Our Mars400's BMC can shut down all nodes in the same chassis. So before a maintenance or BMC firmware update, we need to make CEPH stop IO before shutting down a chassis.


CEPH blog gives the steps before shutting down hosts on the CEPH cluster as this link show: how-to-do-a-ceph-cluster-maintenance-shutdown/


Here are the steps to do before shutdown a chassis or the cluster:


  1. Set OSDs flags

    # ceph osd set noout
    # ceph osd set nobackfill
    # ceph osd set norecover
    # ceph osd set norebalance
    # ceph osd set nodown
    # ceph osd set pause (this is not necessary if you only shut down a chassis)


  2. Log in to BMC and make chassis become standby

    or use to command line to make the chassis power become stand by. 

    ssh root@<BMC IP> -t "/usr/bin/bmcpipe \"standby ;\""


After about 3 mins for graceful shutdown of the nodes, BMC will make the power supply become standby mode.
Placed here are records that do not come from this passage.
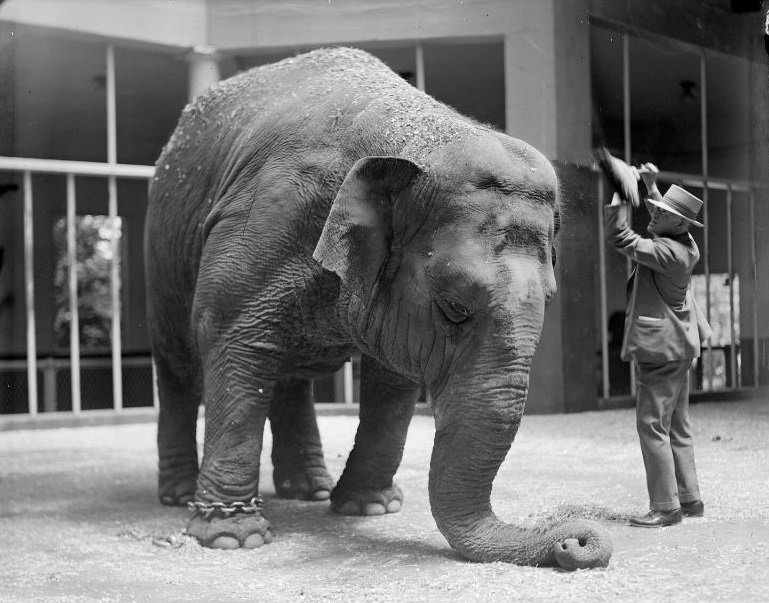 #37 Tony the elephant getting swept off by Dan Harkins in the elephant house
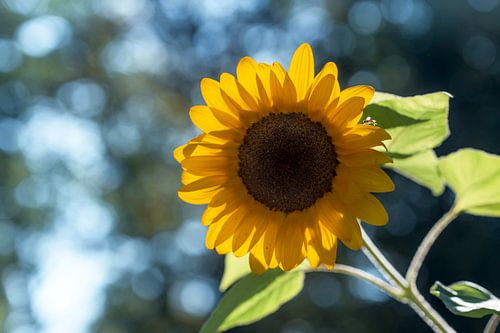Sunflower backlit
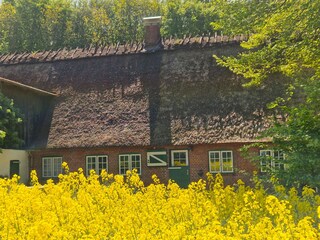 Holiday house Schnarup-Thumby Outdoor Recording 18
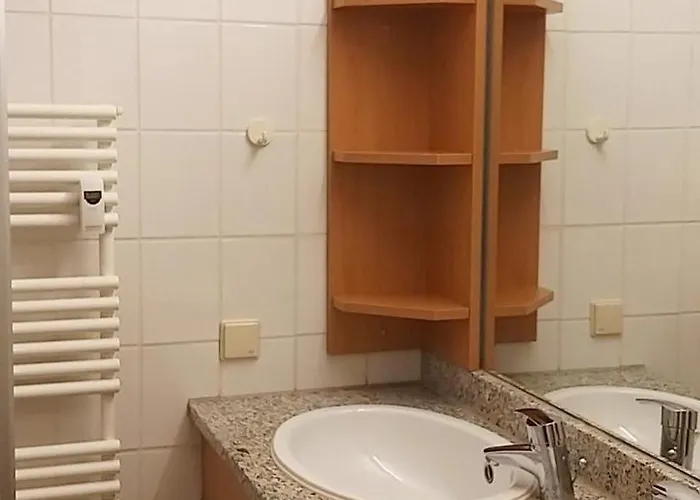 公寓 Appartement-haus Regina 4 博尔库姆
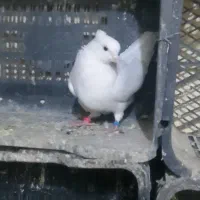 سلام ۳جفت کبوتر به فروش میرسد|پرنده|شاهرود, |دیوار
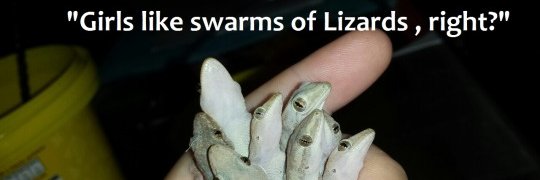 Lizard Boy🐔 banner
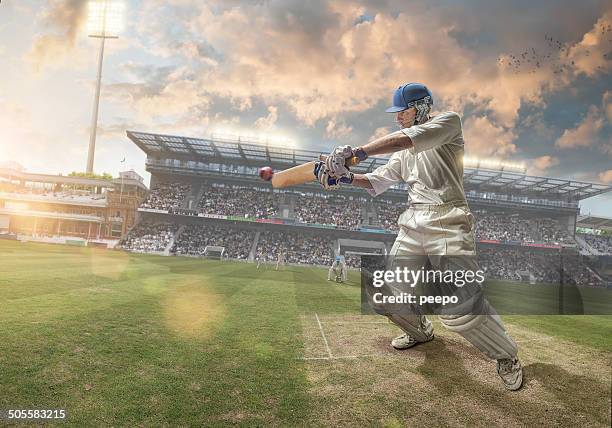 batteur de cricket - cricket field photos et images de collection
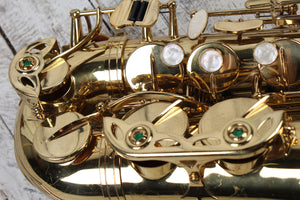 RS Berkeley Alto Saxophone with Hardshell Case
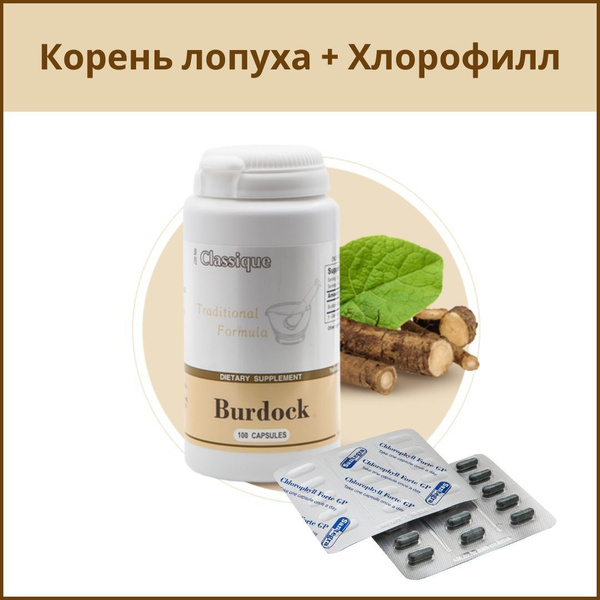 Корень Лопуха Burdock , хлорофилл на 2 недели Santegra экстракт ...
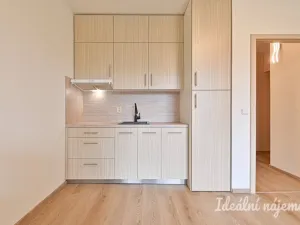 Pronájem bytu 1+kk, Brno, Moldavská, 30 m2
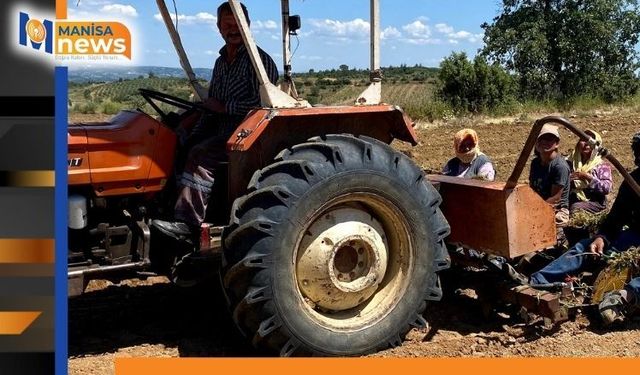 Kavurucu sıcakta ekmek mücadelesi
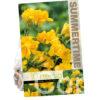 Freesia Double Yellow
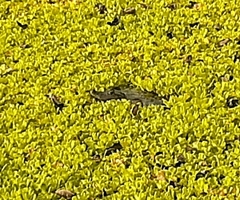 Caiman crocodilus fuscus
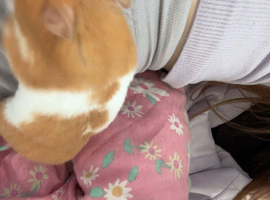 Hampster hammy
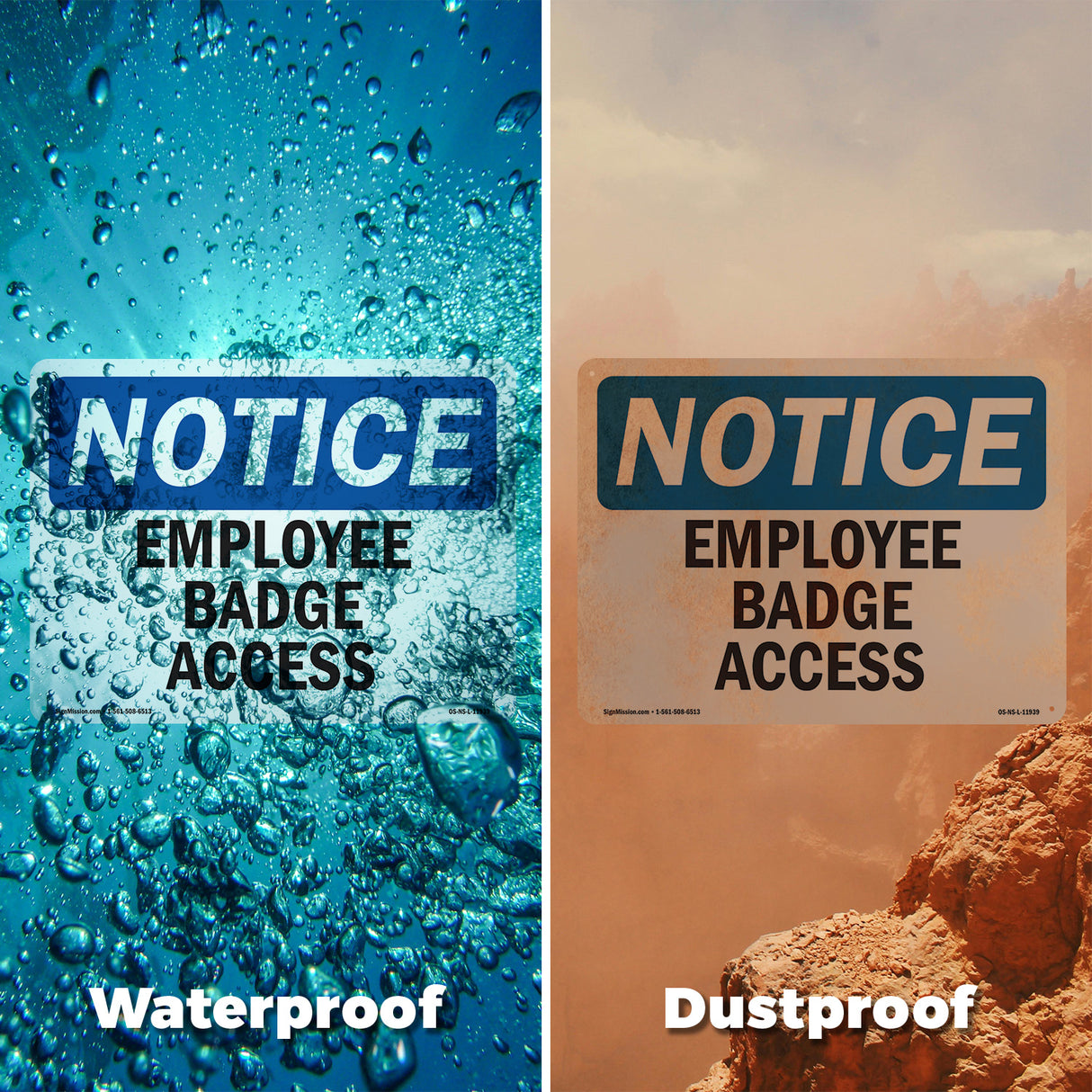Employee Badge Access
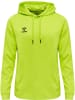 Hummel Hoodie in Grün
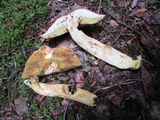 Boletus miniato-olivaceus image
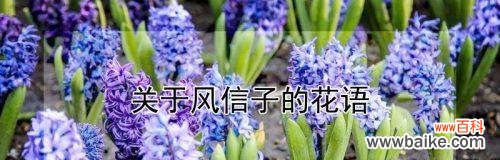 绽放人生的希望之花 咏樱花,新的开始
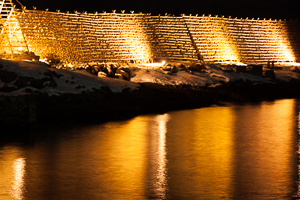 Stockfisch im Hafen von Svolvær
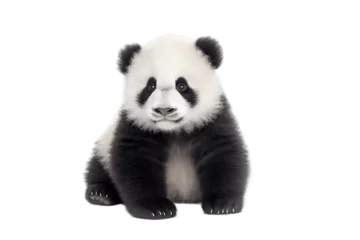 Fensteraufkleber Adorable Panda Cub on transparent Background, AI © Usmanify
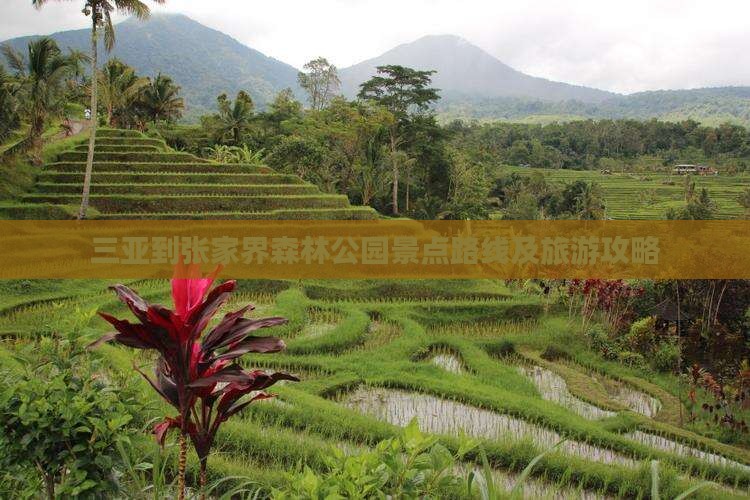 三亚到张家界森林公园景点路线及旅游攻略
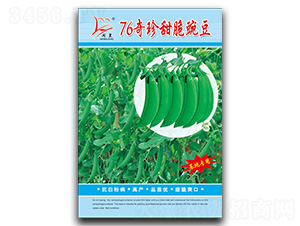 76奇珍甜脆豌豆-豌豆種子-閩皇種業(yè)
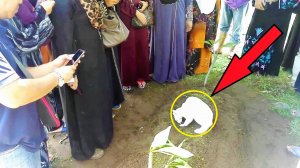 Этот кот пришёл проводить хозяина в последний путь и не захотел уходить!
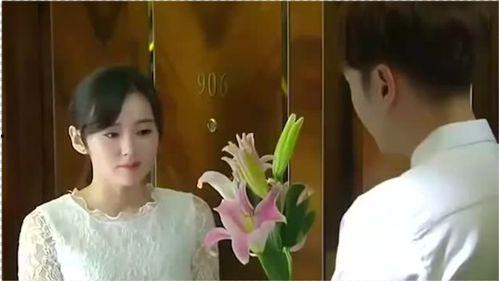 夫人她带刺归来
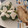 El cooksnap de Enrique Miguel Carnicero cuando hizo Dorada y brócoli con salsa de yogur. Airfryer y microondas.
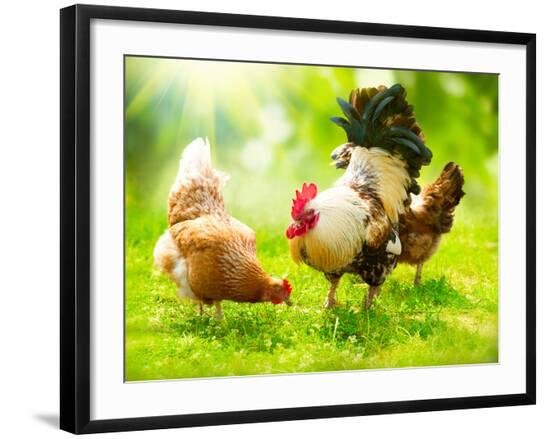 Premium Photographic Print, , large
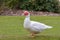 White Muscovy duck, white wings, red wattles on face standing on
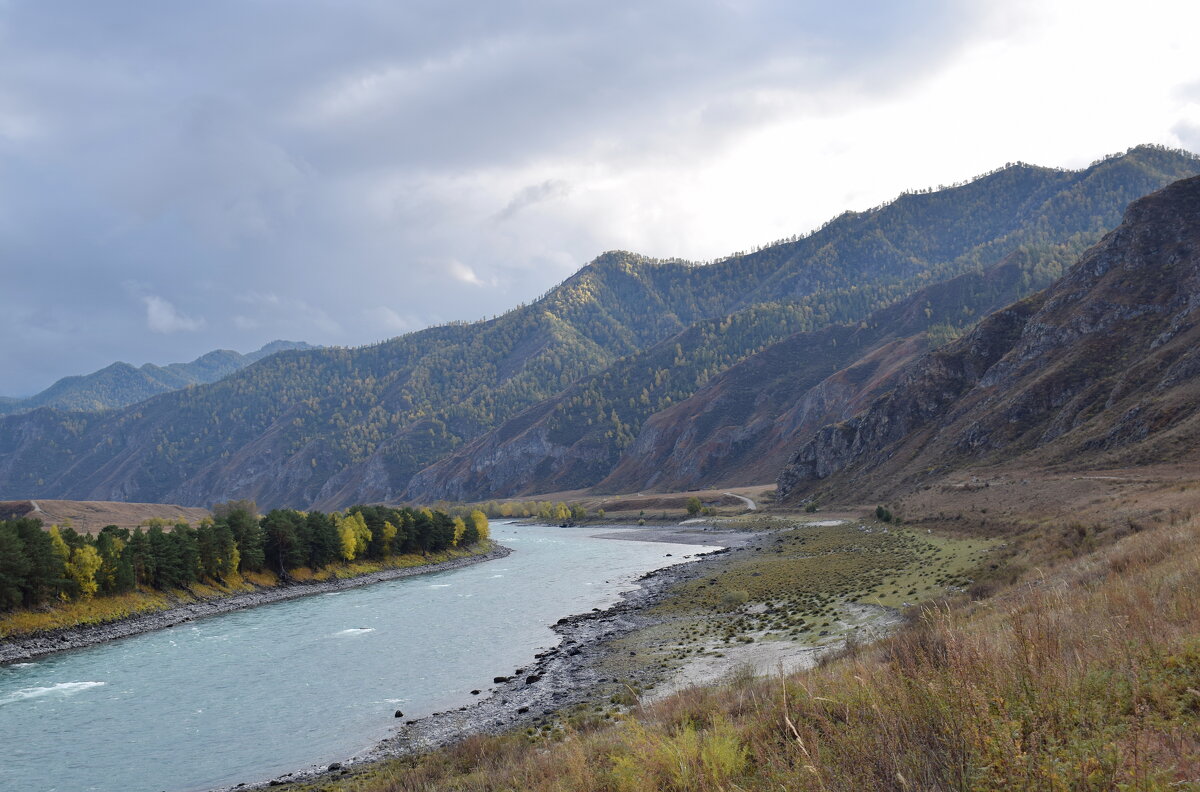 Катунь,осень - nataly-teplyakov 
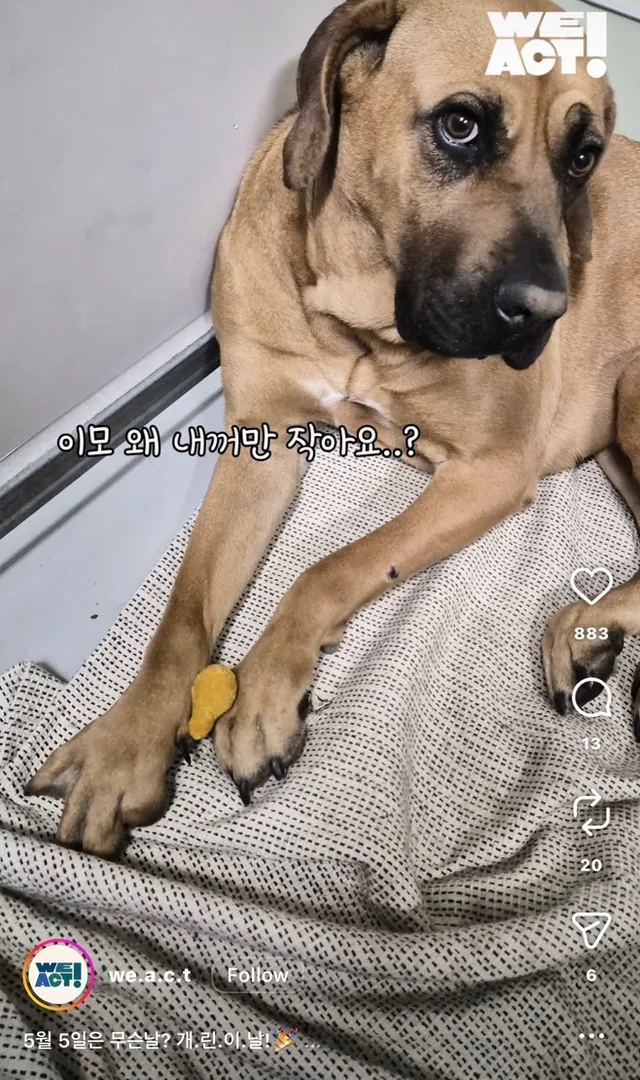 개린이날 현장 사진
After you complete the hardware maintenance, power on the Mars400 by BMC, unset all the flags, and wait for the cluster to become healthy.

# ceph osd unset noout
# ceph osd unset nobackfill
# ceph osd unset norecover
# ceph osd unset norebalance
# ceph osd unset nodown
# ceph osd set pause (this is not necessary if you only shut down a chassis)